- Opening Delimiter -

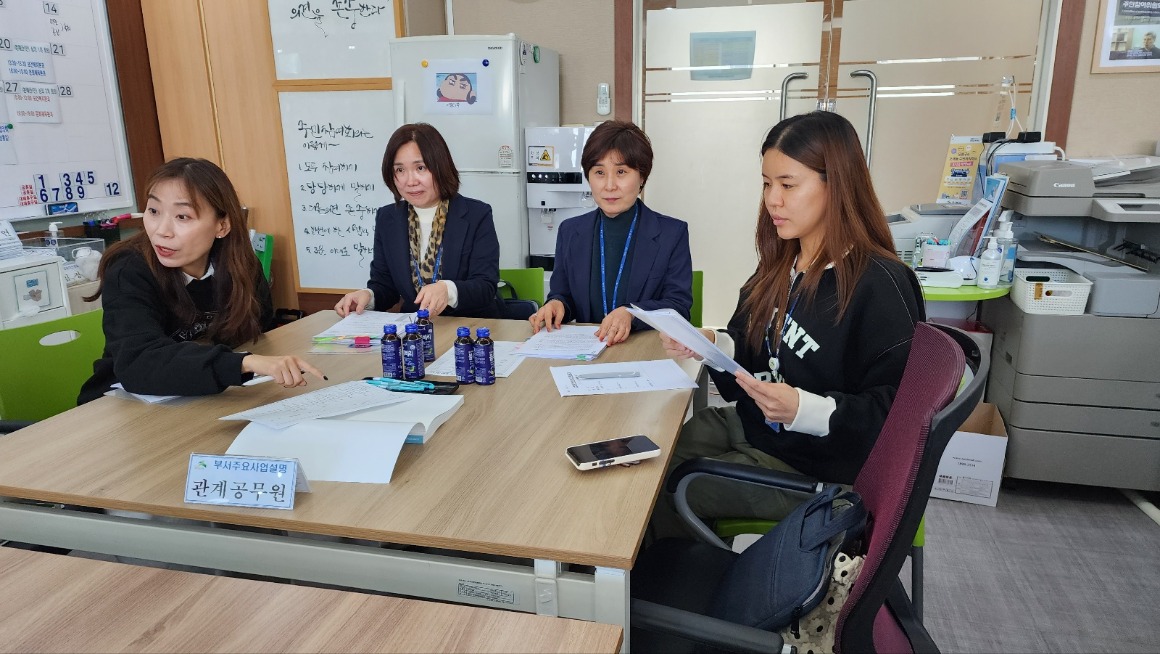 보건복지 1027 2차 (9).jpg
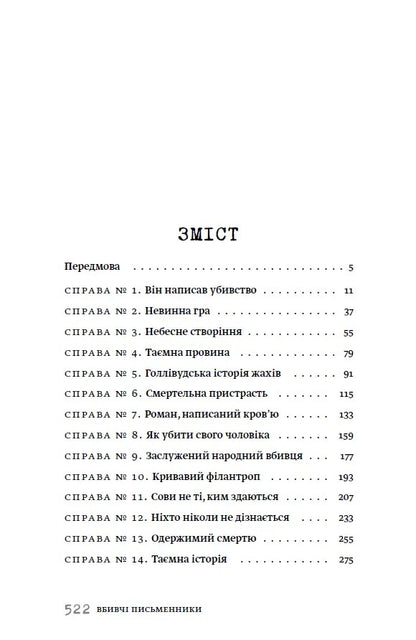 Книга Вбивчі письменники Саша Павлова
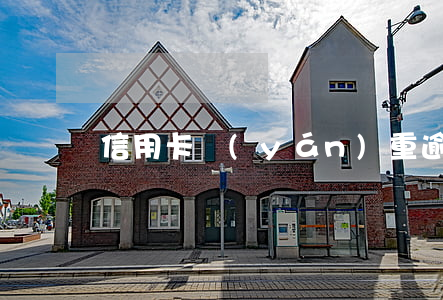 信用卡嚴(yán)重逾期還清了還能車貸嗎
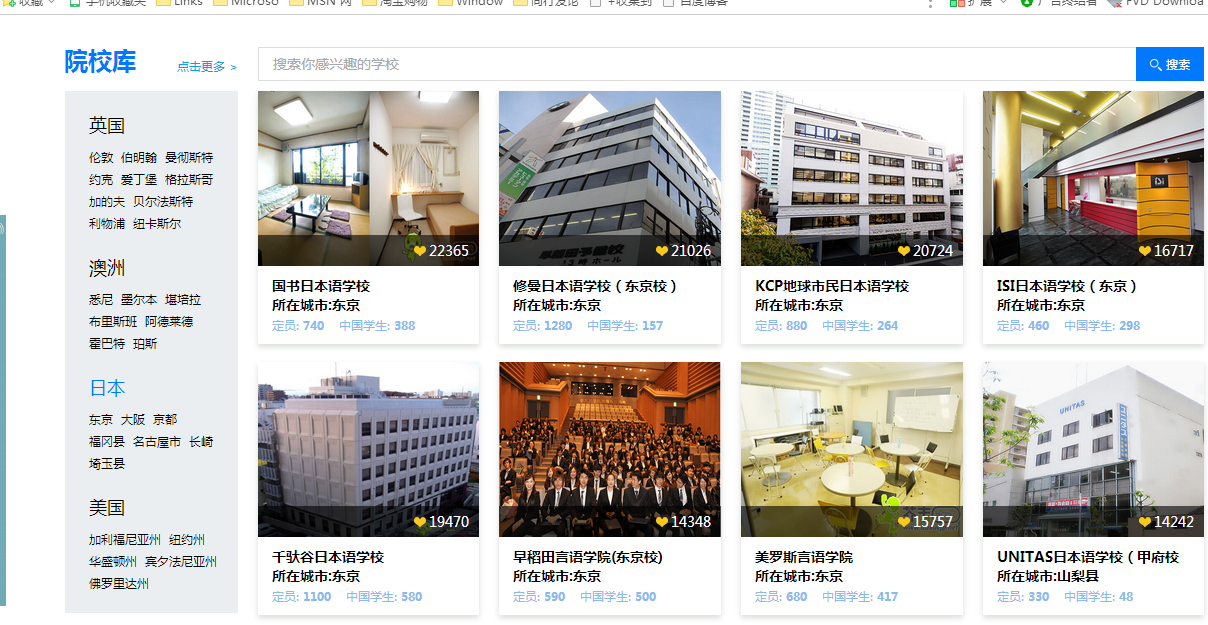 QQ截图20170628150009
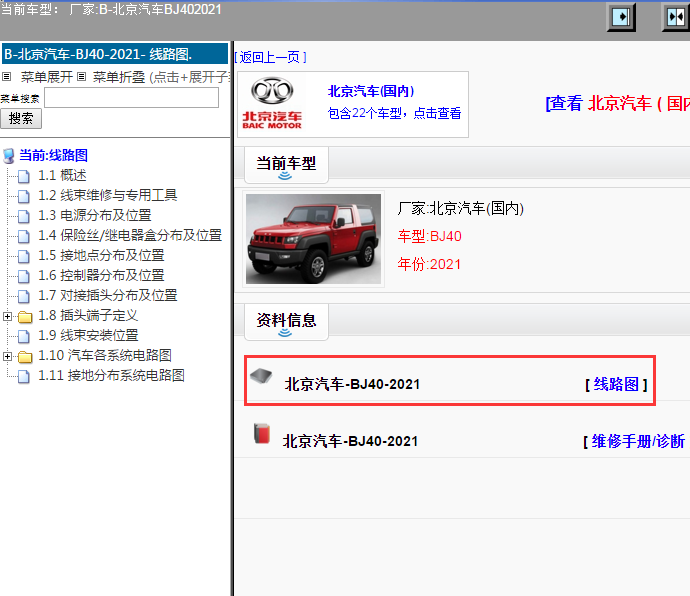 北京汽车-BJ40-2021[ 线路图 ]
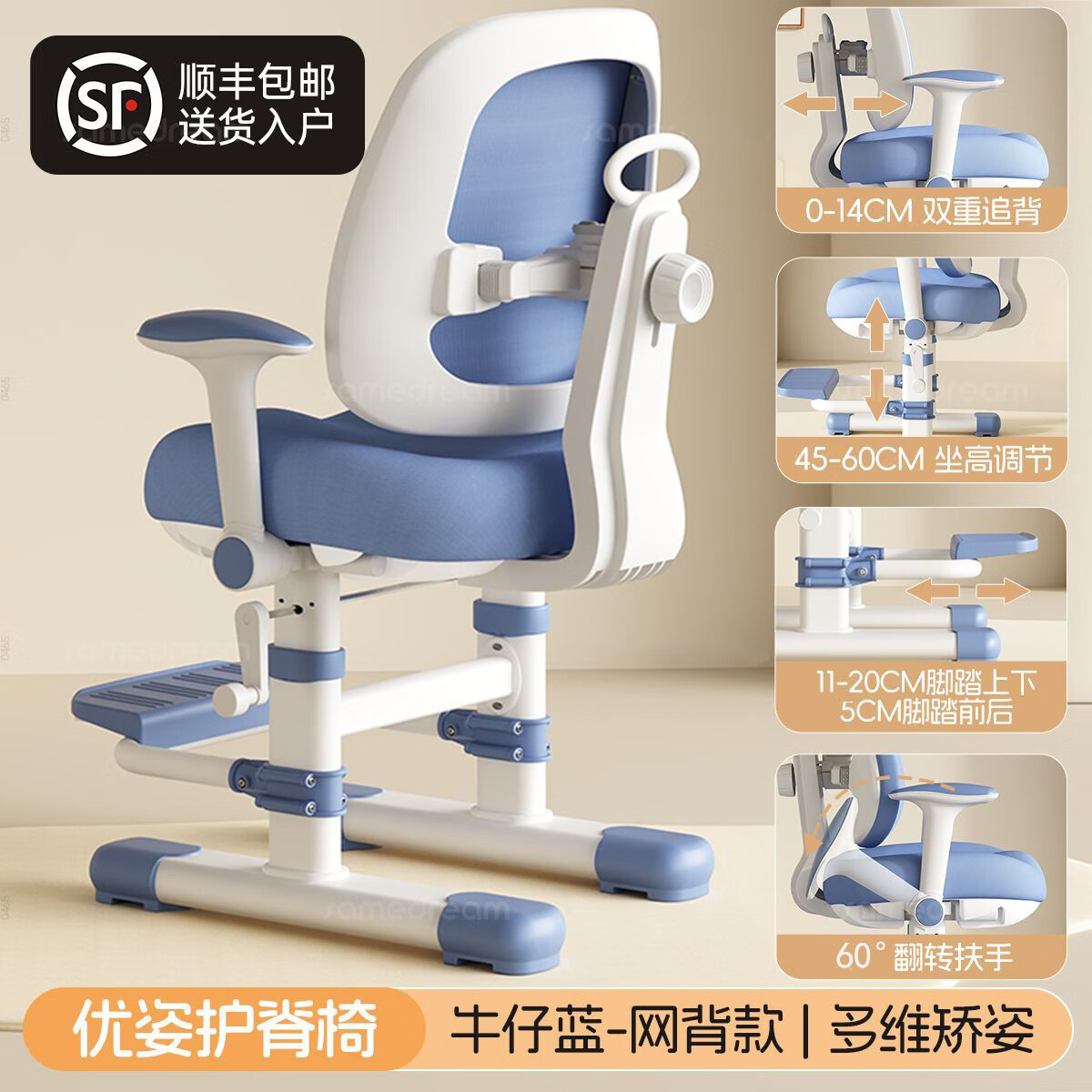 ��˼���ͯѧϰ��6-18���Զ�׷��д������Сѧ�����ÿ�������������  �Զ�׷��-�Ӹ߿�����ɫ 228Ԫ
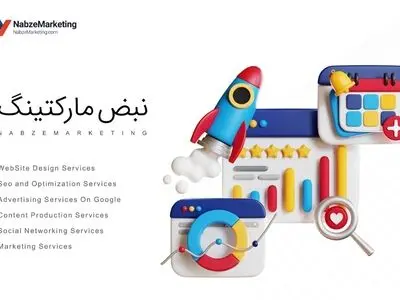 کسب‌وکار خود را با خدمات سئو نبض مارکتینگ توسعه دهید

- Closing Delimiter -

# [WORK TASK]
The images are to be left out; every line above should be set down exactly.

# [REPLY]
 보건복지 1027 2차 (9).jpg
 Книга Вбивчі письменники Саша Павлова
 信用卡嚴(yán)重逾期還清了還能車貸嗎
 QQ截图20170628150009
 北京汽车-BJ40-2021[ 线路图 ]
 ��˼���ͯѧϰ��6-18���Զ�׷��д������Сѧ�����ÿ�������������  �Զ�׷��-�Ӹ߿�����ɫ 228Ԫ
 کسب‌وکار خود را با خدمات سئو نبض مارکتینگ توسعه دهید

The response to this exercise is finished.